- Mundera Bazar Location in Uttar Pradesh, India Mundera Bazar Mundera Bazar (India)
- Coordinates: 26°38′56″N 83°35′38″E﻿ / ﻿26.649°N 83.594°E
- Country: India
- State: Uttar Pradesh
- District: Gorakhpur

Government
- • Type: Nagar Panchayat
- • Body: Nagar Panchayat

Population (2022)
- • Total: 26,503

Languages
- • Official: Hindi
- Time zone: UTC+5:30 (IST)

= Mundera Bazar =

Mundera Bazar is a town and a nagar panchayat in Gorakhpur district in the Indian state of Uttar Pradesh. MRs.

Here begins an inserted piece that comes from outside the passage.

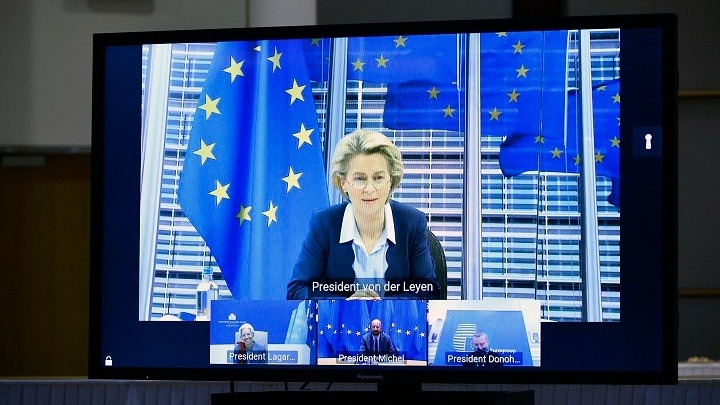Ούρσουλα φον ντερ Λάιεν: Η Ευρώπη και η Ελλάδα εργάζονται χέρι-χέρι για τους ανθρώπους στα ελληνικά νησιά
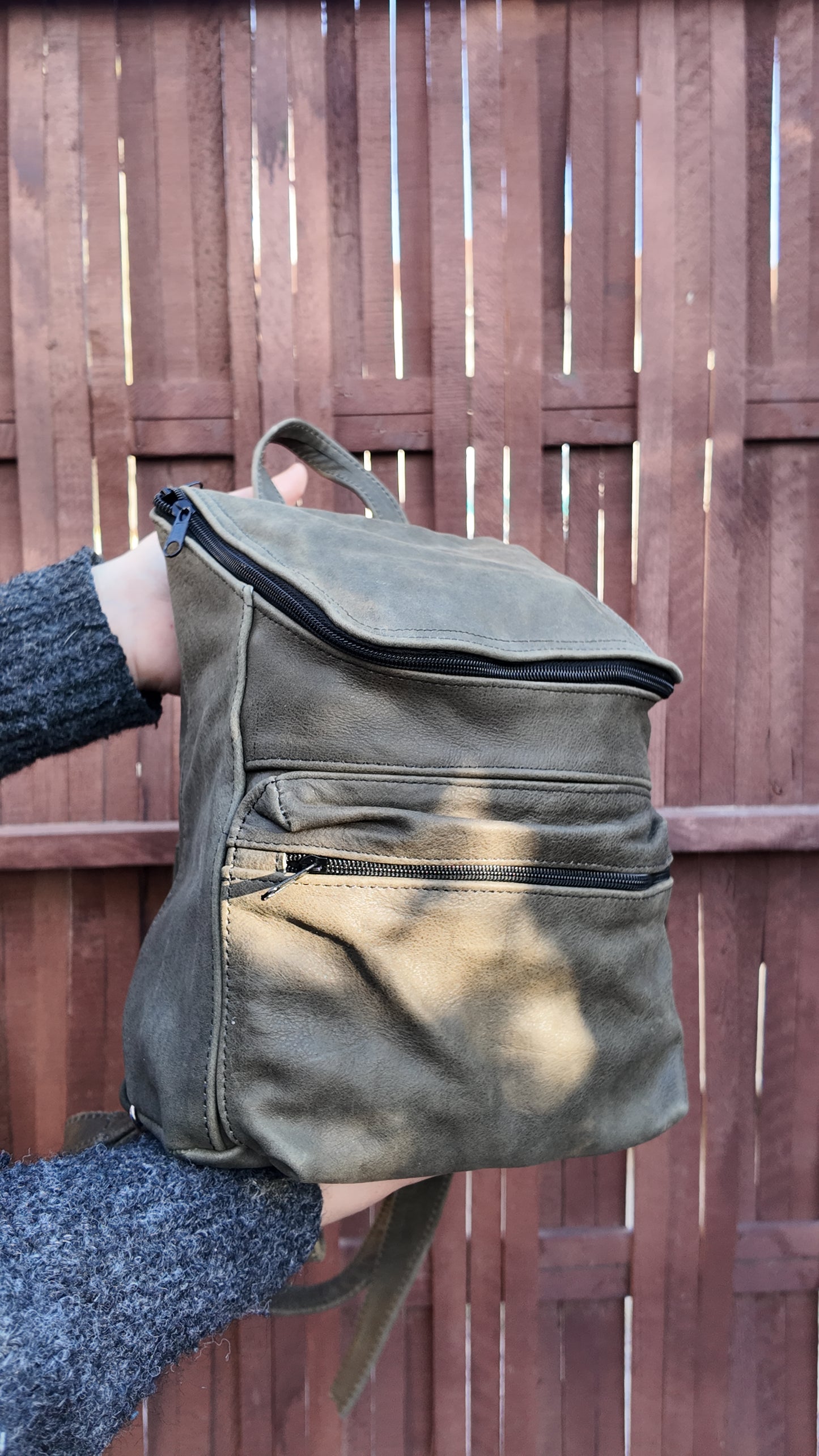 MOCHILAS DE PIEL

Sunita Gupta, is the chairman of this nagar panchayat.

Mundera Bazar is related to the Chauri Chaura incident of 5 February 1922, who many commentators, following tradition established by R. Palme Dutt in India today, have continued to condemn decision taken by Gandhiji to withdraw the Non cooperation movement.

==Demographics==
As of 2001 India census, Mundera Bazar had a population of 11,226.
As of 2022 voter list, total population extended to 26,503, after the addition of 6 gram panchayat in this Nagar Panchayat. Males constitute 52% of the population and females 48%. Mundera Bazar has an average literacy rate of 69%, higher than the national average of 59.5%: male literacy is 76%, and female literacy is 62%. In Mundera Bazar, 14% of the population is under 6 years of age.